Here is a view of the provided “NGINX Mesh Top” dashboard:

How NGINX Ingress Controller Integrates with NGINX Service Mesh

Mutating Webhook

NGINX Service Mesh version v1.7+ provides a mutating webhook that detects and configures instances of NGINX Ingress Controller.

Pod Spec Changes

  1. NGINX Service Mesh mounts and configures the SPIRE agent socket based on environment

    The SPIRE agent socket needs to be mounted to the Ingress Controller Pod so the Ingress Controller can fetch its certificates and keys from the SPIRE agent. This allows the Ingress Controller to authenticate with workloads in the mesh.
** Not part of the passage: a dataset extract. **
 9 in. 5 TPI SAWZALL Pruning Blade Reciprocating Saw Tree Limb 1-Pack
For more information on how SPIRE distributes certificates see the SPIRE section in the architecture doc.

  • Kubernetes

    The following `hostPath` is added as a volume to the Ingress Controller's Pod spec:
    
      ```yaml
      volumes:
      - hostPath:
          path: /run/spire/sockets
          type: DirectoryOrCreate
        name: spire-agent-socket
      ```
    
    NGINX Service Mesh also mounts the socket to the Ingress Controller's container spec:
    
      ```yaml
      volumeMounts:
      - mountPath: /run/spire/sockets
        name: spire-agent-socket
      ```
    
  • OpenShift

    To mount the SPIRE agent socket in OpenShift, NGINX Service Mesh adds the following csi driver to the Ingress Controller’s Pod spec:

    volumes:
    - csi:
      driver: csi.spiffe.io
      readOnly: true
    name: spire-agent-socket
    

    and mount the socket to the Ingress Controller’s container spec:

    volumeMounts:
    - mountPath: /run/spire/sockets
      name: spire-agent-socket
    

    For more information as to why a CSI Driver is needed for loading the agent socket in OpenShift, see Introduction in the OpenShift Considerations doc.
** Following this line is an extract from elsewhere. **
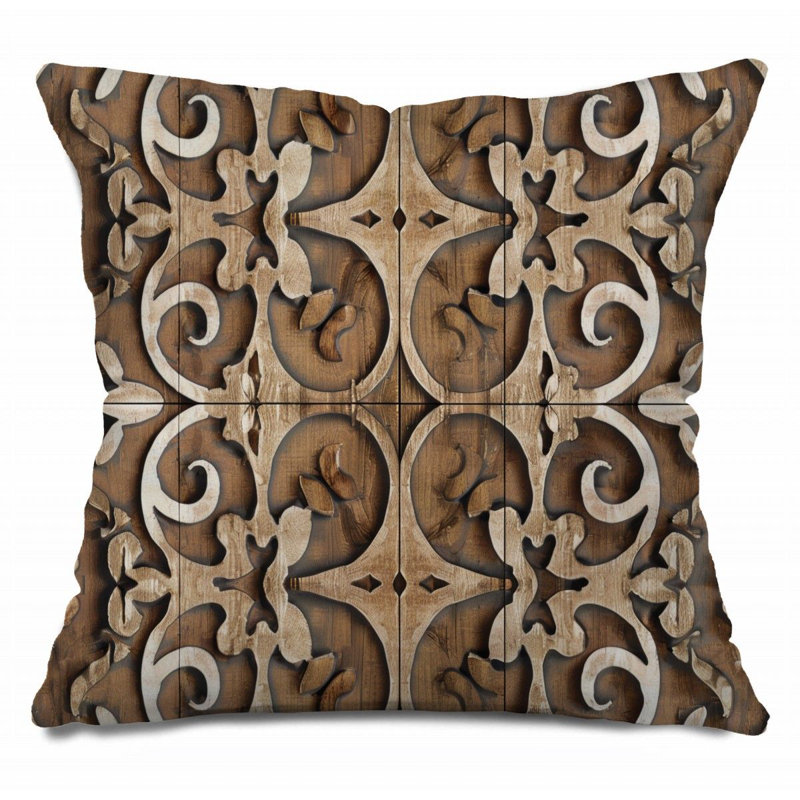 Coussin Fleurdelis, H 18 po x l 18 po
  1. NGINX Service Mesh adds a command line argument

    The following argument is added to the Ingress Controller’s container args:

    args:
      - -spire-agent-address=/run/spire/sockets/agent.sock
      ...
    -
    
    • The spire-agent-address passes the address of the SPIRE agent /run/spire/sockets/agent.sock to the Ingress Controller.

    If egress is enabled NGINX Service Mesh also adds the following argument to the Ingress Controller’s container args:

    args:
      - -enable-internal-routes
      ...
    -
    
  2. NGINX Service Mesh adds a SPIFFE label

    labels:
      spiffe.io/spiffeid: "true"
      ...
    

    These labels tell NGINX Service Mesh to mutate the Ingress Controller Pod with the proper configuration in order to properly integrate with the mesh.